Sitting With William Burroughs
ah, the falling leaves
St. Louis, MO 09/10/2025
Above is all I could bring myself to write. I sat beside the grave of author William Burroughs for nearly three hours. Below will be the first in a series of travelogues describing my journeys.
My health poor. My mind consumed by dust.
And perhaps travel?
There was Charlotte, North Carolina to see Daniel and to miss Daniel. To see George, and to see him leaving.
Black Mountain College in Asheville, always.
There have been others, and there will be more.
September 09, that night I felt god’s whisper on my neck.
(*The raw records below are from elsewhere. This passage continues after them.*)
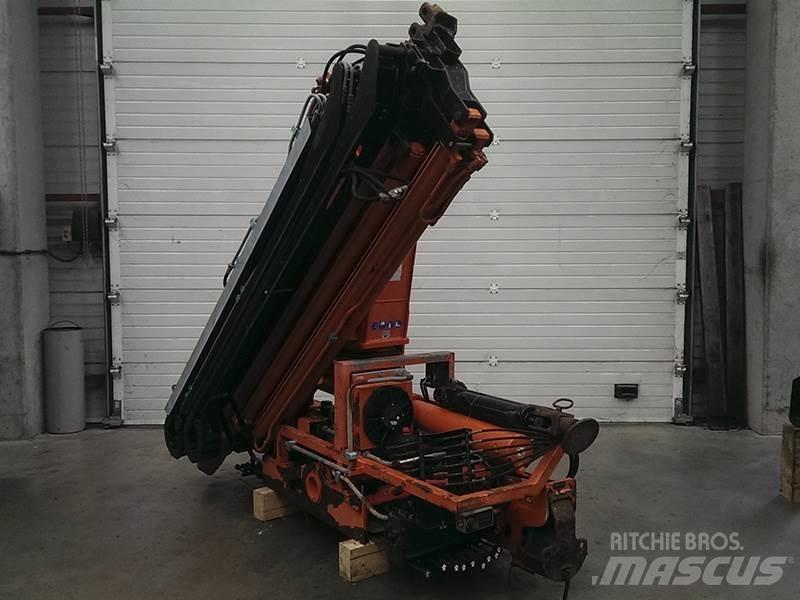 Atlas 145.2 A4 Iekrāvēju krāni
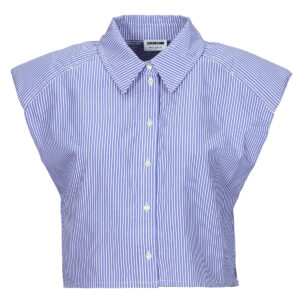 Chemise NMKATRINE Bleu
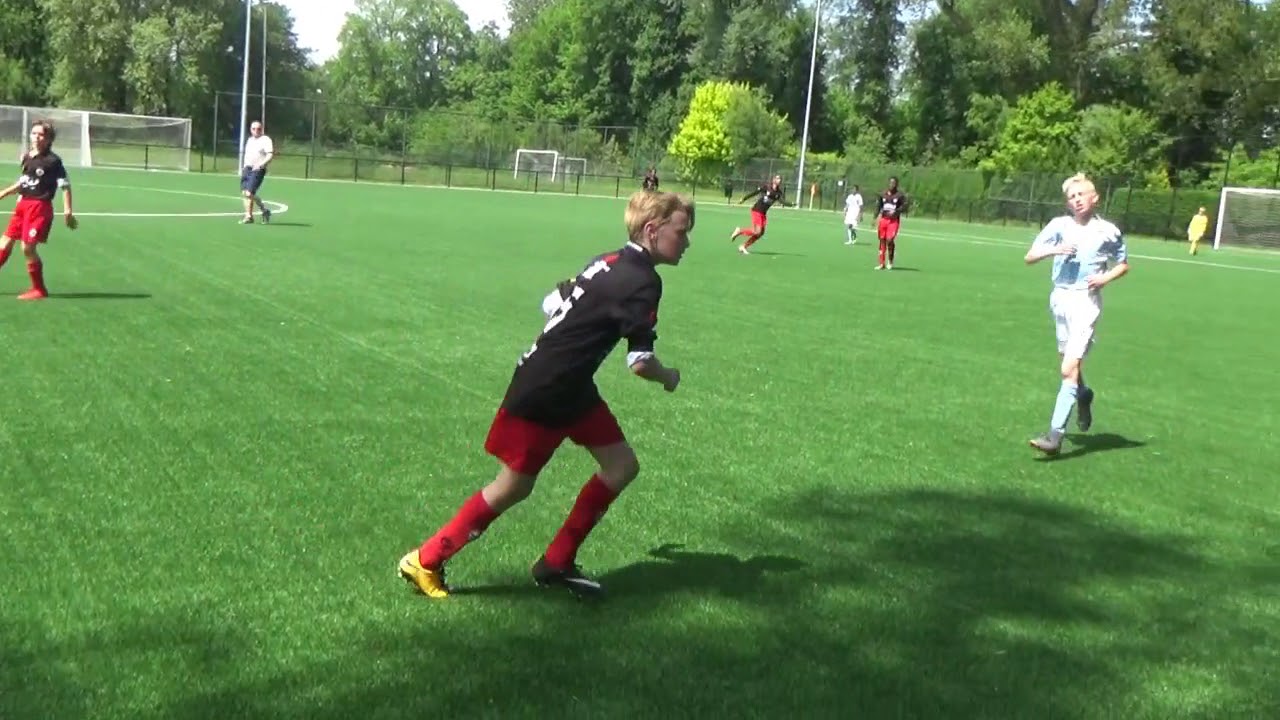 excelsior jo13-1 - togb jo13-3, 12 mei 2018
A celebration of birth.
Before the sun, there was the moon. Eight hours later, there was the sun and the Mississippi River. The arch. The cemetery.
Kentucky ate my tires. Illinois is where Superman lived. But I was there.
It was cold when I came, and hot when I left.
The falling leaves, the falling leaves.
And so I sit. When I was a stone, I was a stone.

I left a lemur. I left three hours.
A weeping of fallen leaves. Why?
A few minutes away, I saw a second birth.

A few seconds away, the World Chess Hall of Fame. Even then, in shock, red of weeping, I was cursing Kramnik. And now, now, what of it now? Now a weeping in algebraic notation and absence-laced nonsense.
In fear and exhaustion I crossed the river. Always a river. Always, the river.
Eight hours and my mind dusting radiance.
A return.
I certainly do not condone driving 16 hours a day unless absolutely necessary, as I feel it was in my case. I will be continuing these travelogues as I make small journeys. There will be Huntsville in November, Texas in December, Louisiana in January, and New York, Boston, and Waltham in March or April, Kansas not long after. Likely small journeys in between, such as Athens to stalk Michael Stipe, Nashville in May for this exhibition, and possibly a trip to Florida.